The recursive positive switching points $z_i(i=2,3,4,...,N-1)$ can be deduced as(22) $$\begin{array}{c}\hfill \begin{array}{cc}{z}_2& =\frac{(1+k_1){\sum }_{i=1}^1(m_{i-1}-m_i)x_i}{m_1-1}-k_1{x}_1\\ z_3& =\frac{(1+k_2){\sum }_{i=1}^2(m_{i-1}-m_i)x_i}{m_2-1}-k_2{x}_2\\ ⋮& ⋮& ⋮\hfill \\ z_{N-1}& =\frac{(1+k_{N-1}){\sum }_{i=1}^{N-1}(m_{i-1}-m_i)x_i}{m_{N-2}-1}-k_{N-2}{x}_{N-2}\end{array}\end{array}$$(22)
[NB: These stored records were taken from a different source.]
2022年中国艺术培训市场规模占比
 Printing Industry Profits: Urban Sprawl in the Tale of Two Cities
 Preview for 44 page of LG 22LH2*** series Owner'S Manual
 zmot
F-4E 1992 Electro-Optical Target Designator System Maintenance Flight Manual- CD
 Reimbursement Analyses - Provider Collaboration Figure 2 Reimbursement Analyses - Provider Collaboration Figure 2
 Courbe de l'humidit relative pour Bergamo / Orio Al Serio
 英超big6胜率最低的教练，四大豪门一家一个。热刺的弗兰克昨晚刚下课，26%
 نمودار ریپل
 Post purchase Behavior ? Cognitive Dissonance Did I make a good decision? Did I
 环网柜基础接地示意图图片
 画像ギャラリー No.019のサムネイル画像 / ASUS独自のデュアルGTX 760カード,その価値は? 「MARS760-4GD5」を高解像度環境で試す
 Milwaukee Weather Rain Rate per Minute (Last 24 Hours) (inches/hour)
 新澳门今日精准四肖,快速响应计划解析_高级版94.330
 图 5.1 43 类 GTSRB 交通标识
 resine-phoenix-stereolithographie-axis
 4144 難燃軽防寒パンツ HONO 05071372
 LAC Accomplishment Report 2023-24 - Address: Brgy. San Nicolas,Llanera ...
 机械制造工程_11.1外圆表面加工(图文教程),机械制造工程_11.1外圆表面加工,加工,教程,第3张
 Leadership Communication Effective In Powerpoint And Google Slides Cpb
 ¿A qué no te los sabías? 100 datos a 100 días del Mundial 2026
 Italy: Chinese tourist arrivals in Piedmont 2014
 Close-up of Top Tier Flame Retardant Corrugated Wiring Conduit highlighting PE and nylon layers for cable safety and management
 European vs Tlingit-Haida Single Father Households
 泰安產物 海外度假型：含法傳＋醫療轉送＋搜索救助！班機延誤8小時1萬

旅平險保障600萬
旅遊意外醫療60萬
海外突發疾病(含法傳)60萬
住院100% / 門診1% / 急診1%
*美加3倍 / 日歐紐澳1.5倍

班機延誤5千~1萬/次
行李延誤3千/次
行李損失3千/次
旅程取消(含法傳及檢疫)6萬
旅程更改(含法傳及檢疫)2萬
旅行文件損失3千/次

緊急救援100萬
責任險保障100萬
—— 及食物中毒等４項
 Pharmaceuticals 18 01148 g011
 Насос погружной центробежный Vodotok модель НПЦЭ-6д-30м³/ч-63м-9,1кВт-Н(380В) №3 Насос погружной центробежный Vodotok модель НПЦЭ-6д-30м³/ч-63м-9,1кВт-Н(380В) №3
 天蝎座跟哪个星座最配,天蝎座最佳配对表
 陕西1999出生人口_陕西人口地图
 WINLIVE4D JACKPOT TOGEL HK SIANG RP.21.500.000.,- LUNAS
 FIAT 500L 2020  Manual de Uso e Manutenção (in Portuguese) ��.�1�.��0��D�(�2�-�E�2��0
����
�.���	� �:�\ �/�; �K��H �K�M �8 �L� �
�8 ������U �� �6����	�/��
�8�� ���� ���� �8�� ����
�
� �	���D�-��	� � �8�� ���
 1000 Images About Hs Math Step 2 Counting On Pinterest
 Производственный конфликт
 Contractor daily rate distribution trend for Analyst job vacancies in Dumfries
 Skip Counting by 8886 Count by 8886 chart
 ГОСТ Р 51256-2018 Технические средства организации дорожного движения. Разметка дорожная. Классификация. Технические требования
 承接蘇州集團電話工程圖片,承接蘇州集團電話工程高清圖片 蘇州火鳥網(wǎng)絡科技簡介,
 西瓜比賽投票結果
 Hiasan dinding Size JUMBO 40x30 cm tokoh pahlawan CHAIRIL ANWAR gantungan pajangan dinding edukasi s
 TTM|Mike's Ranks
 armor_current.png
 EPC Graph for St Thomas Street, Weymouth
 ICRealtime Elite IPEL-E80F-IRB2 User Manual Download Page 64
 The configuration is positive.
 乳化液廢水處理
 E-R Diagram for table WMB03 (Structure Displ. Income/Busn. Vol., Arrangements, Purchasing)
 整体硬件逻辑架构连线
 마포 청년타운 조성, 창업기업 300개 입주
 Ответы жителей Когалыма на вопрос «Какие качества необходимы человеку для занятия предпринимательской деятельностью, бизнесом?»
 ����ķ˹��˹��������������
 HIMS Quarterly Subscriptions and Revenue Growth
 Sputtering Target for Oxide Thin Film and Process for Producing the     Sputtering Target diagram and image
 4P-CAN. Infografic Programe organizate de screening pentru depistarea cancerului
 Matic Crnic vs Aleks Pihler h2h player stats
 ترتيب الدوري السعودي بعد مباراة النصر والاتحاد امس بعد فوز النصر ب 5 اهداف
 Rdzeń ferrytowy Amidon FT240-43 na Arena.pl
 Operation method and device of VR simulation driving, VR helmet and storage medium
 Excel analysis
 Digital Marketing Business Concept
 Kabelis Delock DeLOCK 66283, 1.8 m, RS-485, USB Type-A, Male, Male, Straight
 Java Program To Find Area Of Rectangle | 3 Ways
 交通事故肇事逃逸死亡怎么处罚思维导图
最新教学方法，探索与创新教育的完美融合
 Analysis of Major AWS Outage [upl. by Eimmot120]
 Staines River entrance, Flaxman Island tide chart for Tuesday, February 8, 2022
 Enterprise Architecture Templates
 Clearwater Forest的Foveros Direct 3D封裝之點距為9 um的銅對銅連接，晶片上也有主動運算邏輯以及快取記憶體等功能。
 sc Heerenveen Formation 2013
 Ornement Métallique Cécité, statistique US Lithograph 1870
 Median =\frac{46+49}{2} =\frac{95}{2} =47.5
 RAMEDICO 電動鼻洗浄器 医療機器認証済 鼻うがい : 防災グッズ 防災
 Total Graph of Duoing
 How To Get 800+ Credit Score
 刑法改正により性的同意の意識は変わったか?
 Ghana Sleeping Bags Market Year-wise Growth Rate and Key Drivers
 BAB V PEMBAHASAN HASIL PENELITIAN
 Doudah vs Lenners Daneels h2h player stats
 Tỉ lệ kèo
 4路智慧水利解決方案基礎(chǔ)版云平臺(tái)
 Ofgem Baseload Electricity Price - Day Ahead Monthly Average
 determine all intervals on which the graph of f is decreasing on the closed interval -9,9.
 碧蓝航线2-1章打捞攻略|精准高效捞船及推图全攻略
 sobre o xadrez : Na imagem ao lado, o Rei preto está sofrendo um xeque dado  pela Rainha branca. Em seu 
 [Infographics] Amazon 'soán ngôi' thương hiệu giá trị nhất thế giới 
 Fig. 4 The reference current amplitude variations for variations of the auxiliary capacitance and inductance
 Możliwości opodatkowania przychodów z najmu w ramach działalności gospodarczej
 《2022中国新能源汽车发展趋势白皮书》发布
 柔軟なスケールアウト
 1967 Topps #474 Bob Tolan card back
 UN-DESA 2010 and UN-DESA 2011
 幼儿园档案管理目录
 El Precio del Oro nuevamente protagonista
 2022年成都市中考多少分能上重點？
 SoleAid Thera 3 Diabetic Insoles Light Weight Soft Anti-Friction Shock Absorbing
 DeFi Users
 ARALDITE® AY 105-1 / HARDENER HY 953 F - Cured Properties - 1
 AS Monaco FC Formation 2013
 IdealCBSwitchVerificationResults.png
and the $k_i$ values are obtained as(23) $$\begin{array}{c}\hfill k_i=\frac{x_{i+1}-x_i^E}{x_i^E-x_i}(1\le i\le N-2)\end{array}$$(23)

in which $x_i^E$ are the positive equilibrium points of $g(x_2-x_1)$.

3.1. Case 1: 2-scroll hyperchaotic attractor

The parameters of the systems (20) are taken in the case of hyperchaotic case as $\mathit{\alpha }=2,\mathit{\beta }=20.$

When $N=2$, In Equation (20), the function $g(x_2-x_1)$ is given by(24) $$\begin{array}{c}\hfill \begin{array}{cc}g(x_2-x_1)& =m_1(x_2-x_1)+\frac{1}{2}(m_0-m_1)\\ & & \times (|x_2-x_1+z_1|-|x_2-x_1+z_1|)\hfill \end{array}\end{array}$$(24)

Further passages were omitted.